Prose allows me to sit a little longer. I’ve always loved the bouillon-cube-intensity of poems. I love when a short poem has the capacity to continue expanding like a sponge in water. In prose, I find myself able to flail a little bit more and dig into weirder spaces when I elongate more and more, to the point where it feels like one giant breath. It’s hard for me sometimes when I write fiction or memoir to be minimalist. There is a maximalist quality about me always, no matter what I’m making. In prose I feel like I can really go big. There’s a length to my ceramics-making, too. It takes a long time to create a vessel or an object. You have to make the thing, fire it, glaze it, and fire it again. Sometimes it takes weeks to make something.
The idea of sitting with something longer has been on my mind. Maybe it’s because I’m aging.
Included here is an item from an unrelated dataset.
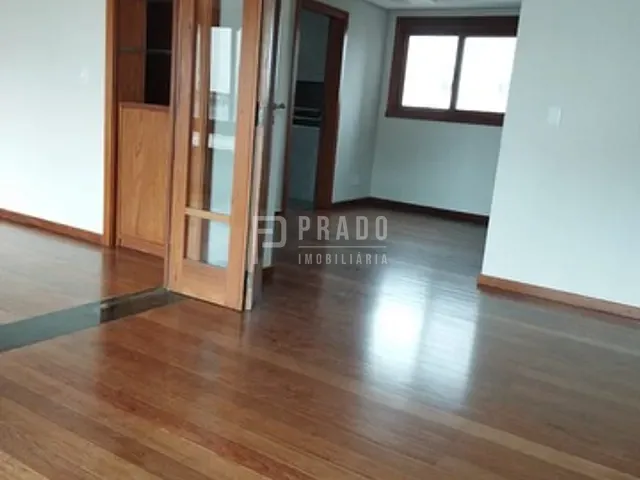 Apartamento 3 quartos e 3 banheiros, à venda, no bairro Centro em Pelotas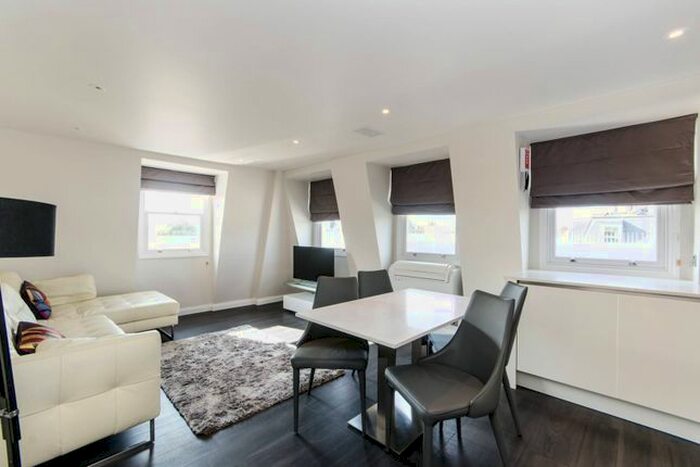 2 Bedroom Flat To Rent In Penywern Road, Earls Court, London, SW5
I want to slow down and sit with things longer, whereas I can write a poem in five minutes and be like, “That’s good, that’s it.” Sometimes in prose I have to sit there and dig into the architecture of the piece a bit more. But at the end of the day, it’s all the same Jane that’s in all of it. That’s been the most magical for me. No matter what kind of thing I’m making, it’s still a core part of the process of expression. And the expression is all the same. No matter what medium I choose, it’s still about the same obsessions, and I have to embrace that. A lot of people choose a different medium to get away from their obsession, and it never works. It’s still going to be the same obsession. Even with ceramics, I wonder: why can’t I just make a mug? Why am I making fruits and food? But of course I am.
Jannah Hinthorne
Finally, just for fun, can you tell me about an encounter with a spring creature you’ve had recently?
Jane Wong
I always feel like I’m encountering a lot of animals in so many different ways. But in terms of spring, the other day I was wandering through the Kubota Gardens down south. I knew there was a turtle there. I remembered seeing a turtle when I was there a couple of years earlier. I had to see this turtle. When I got there, I didn’t see it and I was deeply disappointed. I was like, “Dang, that’s what I wanted to see today.” It wasn’t that sunny and I knew that turtles come out in the sun. Why did I want to see the turtle so badly? There were so many other beautiful things blooming. Right when I was about to leave that one area, it was just there! It had been there the whole damn time while I was looking, but suddenly it just appeared before me! It wasn’t camouflaged or anything, it was just there. It was sunning itself with its neck pulled up to the sky, even though it was a cloudy day. It didn’t move, it was just doing its thing. I remember thinking, "I need to just go and sit with this turtle.” So I went over and sat with this turtle for a while. I kept thinking about how it just doesn’t care that I was there. It was entirely in its own world. I was deeply moved by the fact that it did not move. I want to carry that turtle-like energy into spring with me. I probably stayed there way too long, just being with this creature who did not care.